## [Work instruction]
Would you output the listing exactly, with every image omitted?

## [Available data]
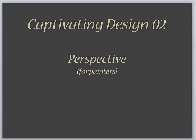Hey guys, this is Jeff Sparks at BetweenPaint. In the second tutorial, I'm continuing the series about captivating design.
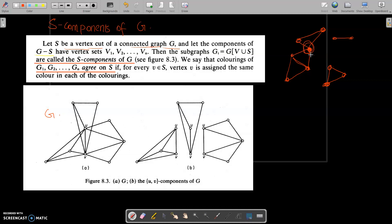Now let's see the vertex cut of a connected graph G. Let the components of G minus S have vertex sets V1, V2, and so on up to Vn. The vertex set is removed, making it a disconnected graph. Then the subgraph.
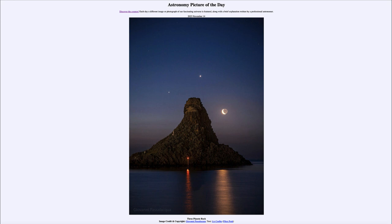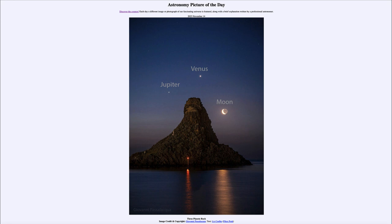Now what are we missing? We're missing the sun, and of course the sun can wash out the other objects depending on exactly where they happen to be. Let's go ahead and label the objects that we see: Jupiter off to the left, Venus up at the top, and off to the right is the crescent moon.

## [Answer section]
Hey guys, this is Jeff Sparks at BetweenPaint. In the second tutorial, I'm continuing the series about captivating design.
Now let's see the vertex cut of a connected graph G. Let the components of G minus S have vertex sets V1, V2, and so on up to Vn. The vertex set is removed, making it a disconnected graph. Then the subgraph.
Now what are we missing? We're missing the sun, and of course the sun can wash out the other objects depending on exactly where they happen to be. Let's go ahead and label the objects that we see: Jupiter off to the left, Venus up at the top, and off to the right is the crescent moon.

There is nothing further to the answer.